ZuantuSet: A Collection of Historical Chinese Visualizations and Illustrations
Xiyao Mei, Yu Zhang, Chaofan Yang, Rui Shi, Xiaoru Yuan
TL;DR
ZuantuSet tackles the underexplored territory of historical Chinese visualizations by introducing a large-scale dataset (over 71K visualizations and 108K illustrations) collected from more than 12,000 books via a semi-automatic pipeline. The pipeline combines data collection from major digital libraries, metadata unification, deduplication, image retrieval, graphic detection with YOLOv8, stitching, and a three-stage taxonomy labeling aided by CLIP-based similarity, enabling scalable annotation of forms and domains. Through a framework adapted from prior visualization research, the authors analyze design patterns in ZuantuSet, revealing strong cultural influences such as textualism and pictorialism, and mapping relationships between forms (maps, genealogies, tables) and domains (geography, history, biology). They also present usage scenarios, including textual criticism and culture-focused design, and discuss design implications for cross-cultural visualization research and reviving historical Chinese graphics. Overall, ZuantuSet provides a foundation for cross-cultural studies of visualization history and offers practical tools for exploring, interpreting, and reusing historical Chinese graphics in education, design, and research.
Abstract
Historical visualizations are a valuable resource for studying the history of visualization and inspecting the cultural context where they were created. When investigating historical visualizations, it is essential to consider contributions from different cultural frameworks to gain a comprehensive understanding.

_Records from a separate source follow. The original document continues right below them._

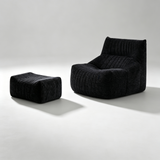 A modern black ribbed velvet lounge chair with a matching square ottoman, photographed on a clean light gray studio floor with dramatic side lighting.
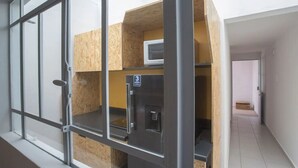 Une pièce avec un coin cuisine, une fenêtre avec des barreaux et une porte donnant sur une autre pièce.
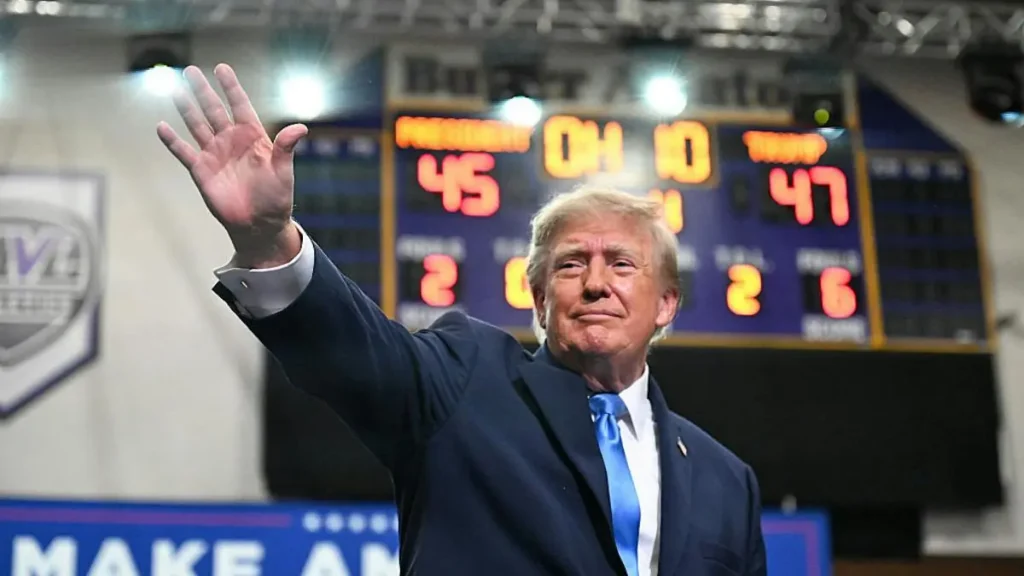 The image shows a person in a suit waving, with a scoreboard in the background displaying a basketball game score.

While there is extensive research on historical visualizations within the European cultural framework, this work shifts the focus to ancient China, a cultural context that remains underexplored by visualization researchers. To this aim, we propose a semi-automatic pipeline to collect, extract, and label historical Chinese visualizations. Through the pipeline, we curate ZuantuSet, a dataset with over 71K visualizations and 108K illustrations. We analyze distinctive design patterns of historical Chinese visualizations and their potential causes within the context of Chinese history and culture. We illustrate potential usage scenarios for this dataset, summarize the unique challenges and solutions associated with collecting historical Chinese visualizations, and outline future research directions.